As a VFD consultant with over 40 years experience I get a bit disappointed when I hear about people that purchase a VFD controlled pump that is not built to last and more disappointed when I hear people say this is the norm. I can assure you it is NOT.

In a meeting last week with a long time Grundfos marketing manager, now working for a competitor, I shared my views with why the Grundfos Scalia2 is so problematic. Customers have given me their units to tear into and inspect. Of course they knew before hand that the pumps would never be usable again. Due to this inspection we came up with some clues to their problems and this helped me build better alternatives.

1) The Scalia uses a magnetic pin wheel to detect flow. Its embedded in the pump and it gets plugged up easily with Teflon tape, minerals or any contaminants in the water. When it fails, the pump fails and it's not serviceable.
2) The Scalia uses a bladder tank, its internal and if it fails, so will the pump and it's not serviceable.
3) The VFD is covered in plastic. Most VFDs are. This is a horrible design since plastic does NOT dissipate heat well.
4) The VFD board is not coated, if moisture builds up in the pump (easy due to plastic construction) the board will short.
5) The motor itself is very cheaply made, not a NEMA frame, not commercial quality, light bearings and light on iron.

Finally, a well designed VFD as described in my article soon to be published in Pump and Systems magazine should last 15-25 years. Some will say that is impossible. I can understand their apprehension. But then again, the VFDs they are accustomed to and I make a living repairing, are designed to fail. They have a 40 deg C operating temp. They are plastic, they have membrane keypads that will fail.

A well built VFD is IP66 (wash down duty, air tight so no outside air mixes with inside air) and is rated for 60 degrees C. The motor AND drive should be powder coated Aluminum as not to corrode and be TEFC with a minimum of an IP56 design. Even the color makes a difference, black dissipates the internal heat best.

Poorly designed VFDs & pumps pay my bills so I don't complain.

BTW, there is a reason pump companies do not build commercial pumps for the residential market. With quality, comes cost.
I could not survive on building pumps for residential. 9 out of 10 people that inquire about pricing simply are not willing to pay the money for a product that will last.

In the long run, they pay more, much more and that does not include the aggravation and time it takes to keep replacing cheaper pumps.

Lastly, there is a reason the Federal government has mandated the use of VFDs in commercial pumps over 10HP. All pressure reducing valves cause excessive energy loss. It is like driving your car and maintaining your speed with the brake as the gas pedal is kept to the floor. So if energy savings is not a big deal, go that route but over a period of 10-15 years, the energy you wasted would have paid for a commercial grade VFD controlled pump, depending on size.

All the best,
Phil Tuttobene

Hi Phil
Boy did you hit the nail on the head with most of that stuff. I can think of a few more, but you listed most of the problems associated with Variable Frequency Drives, or VFD controlled pumps. Whether there are no well built VFD's for domestic use because no one will pay the price required, or just because the manufacturers are taking out quality to build in planned obsolescence is a matter of opinion. Kind of like which came first the chicken or the egg. The fact is there are no well built VFD's made for the residential market.

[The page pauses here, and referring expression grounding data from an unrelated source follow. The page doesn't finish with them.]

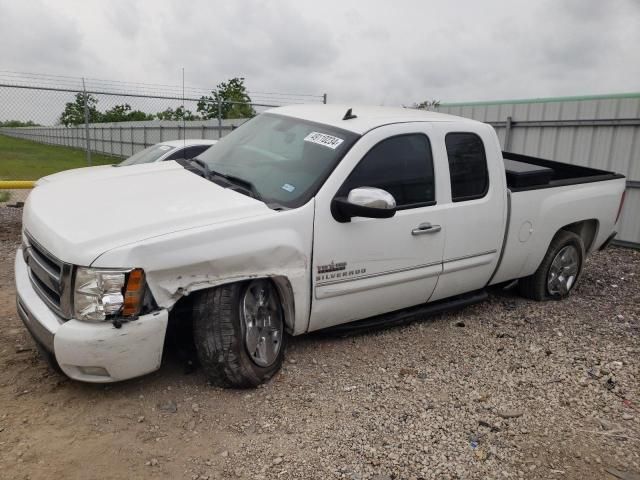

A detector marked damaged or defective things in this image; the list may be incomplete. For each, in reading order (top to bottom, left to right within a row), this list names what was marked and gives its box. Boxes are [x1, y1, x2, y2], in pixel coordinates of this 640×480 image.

damaged hood [22, 161, 272, 266]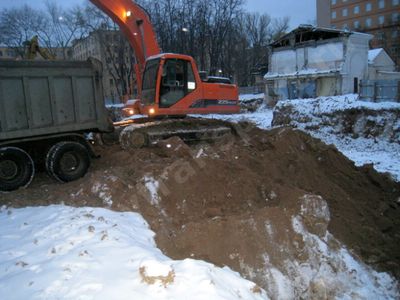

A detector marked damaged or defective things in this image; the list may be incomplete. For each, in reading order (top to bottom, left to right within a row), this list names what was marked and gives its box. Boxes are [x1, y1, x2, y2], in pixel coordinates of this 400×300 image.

damaged building [266, 25, 372, 105]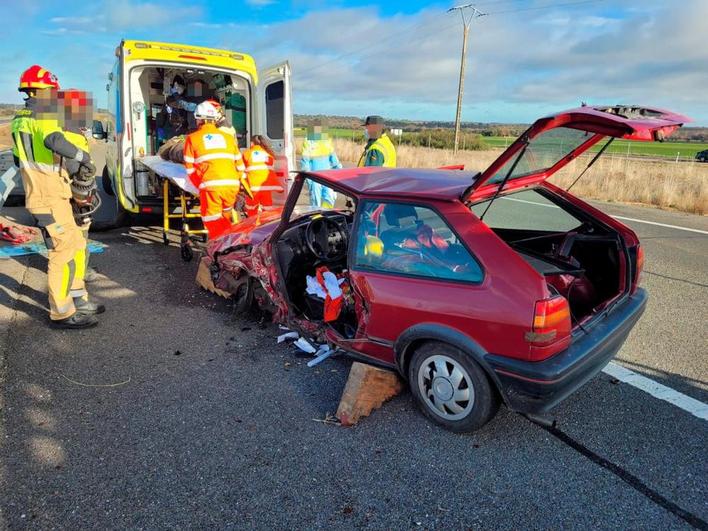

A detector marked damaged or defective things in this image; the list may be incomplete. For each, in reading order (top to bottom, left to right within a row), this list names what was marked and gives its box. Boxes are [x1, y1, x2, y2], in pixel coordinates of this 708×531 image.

red damaged car [205, 107, 684, 432]
shattered windshield [484, 128, 596, 186]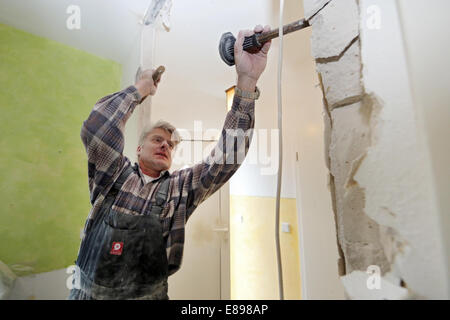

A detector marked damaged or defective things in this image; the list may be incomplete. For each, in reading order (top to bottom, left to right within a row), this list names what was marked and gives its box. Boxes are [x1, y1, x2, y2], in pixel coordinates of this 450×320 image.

damaged plaster wall [304, 0, 448, 300]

The few well built VFD's made for the commercial market are priced accordingly. Which would be fine if they actually did save energy. Most of the VFD's I have seen that lasted any length of time used an air conditioner to keep them from overheating. And in many southern installations the air conditioner for the VFD uses more energy than the pump and VFD combined. Not a good way to save energy.

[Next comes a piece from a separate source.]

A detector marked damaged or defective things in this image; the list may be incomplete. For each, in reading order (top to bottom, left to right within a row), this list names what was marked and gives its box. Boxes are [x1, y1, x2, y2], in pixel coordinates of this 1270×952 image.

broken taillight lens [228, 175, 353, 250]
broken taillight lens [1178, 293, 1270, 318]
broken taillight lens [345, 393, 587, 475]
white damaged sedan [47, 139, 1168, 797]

Then if you look at systems like the ones in the pump and well and fresh water supply business, there is always a static pressure to maintain. When maintaining a static or constant pressure, a VFD will always increase the energy used as the pump is slowed down. The drop in horsepower and flow rate is not linear. Reducing the RPM of a pump will cause the horse power to drop by 50% alright, but the resulting flow rate will decrease by 90%. This means a VFD can increase the cost per gallon of water pumped by 300% to 500%.

When the water in the well is always 100' deep and the house always needs 50 PSI (115' of head), the pump must always produce 215' of head, regardless of the flow rate being used. Look at your pump curve. According to the Affinity Law when maintaining a constant head or pressure the pump can only be slowed by 10%-20% at most. With the drop in horsepower being many times less than the drop in flow rate, the cost per gallon pumped goes up, not down. Only with positive displacement pumps and pumps for friction dominated systems like large chillers could there possibly be any energy savings from a VFD. And nearly all pumps in the well pump and fresh water supply business use centrifugal impellers and are not positive displacement.

Then like LLigetfa says your analogy of one foot on the brake and one on the gas does not work with centrifugal type pumps. When the output of a pump with a regular centrifugal impeller is restricted, the horse power is reduced almost exactly as much as if you reduced the RPM. If you are going to say a VFD reduces energy consumption, then you have to say restricting with a valve also saves energy, because the cost per gallon will be almost exactly the same between a VFD and a valve.

It is a fact that restricting the flow rate of a pump with a valve will reduce the horsepower almost exactly the same as slowing the RPM with a VFD. This is a completely counter intuitive property of the centrifugal impeller. I would venture to say that only 2%-5% of the engineers in this world understand this counter intuitive property. Engineers don't do well with counter intuitive things. Everyone, even most engineers have it in their heads that restricting a pump with a valve makes the pump work harder, which is the opposite of the truth. Some of them get very angry with me for saying "restricting a pump with a valve makes the pump work easier", but that is a fact.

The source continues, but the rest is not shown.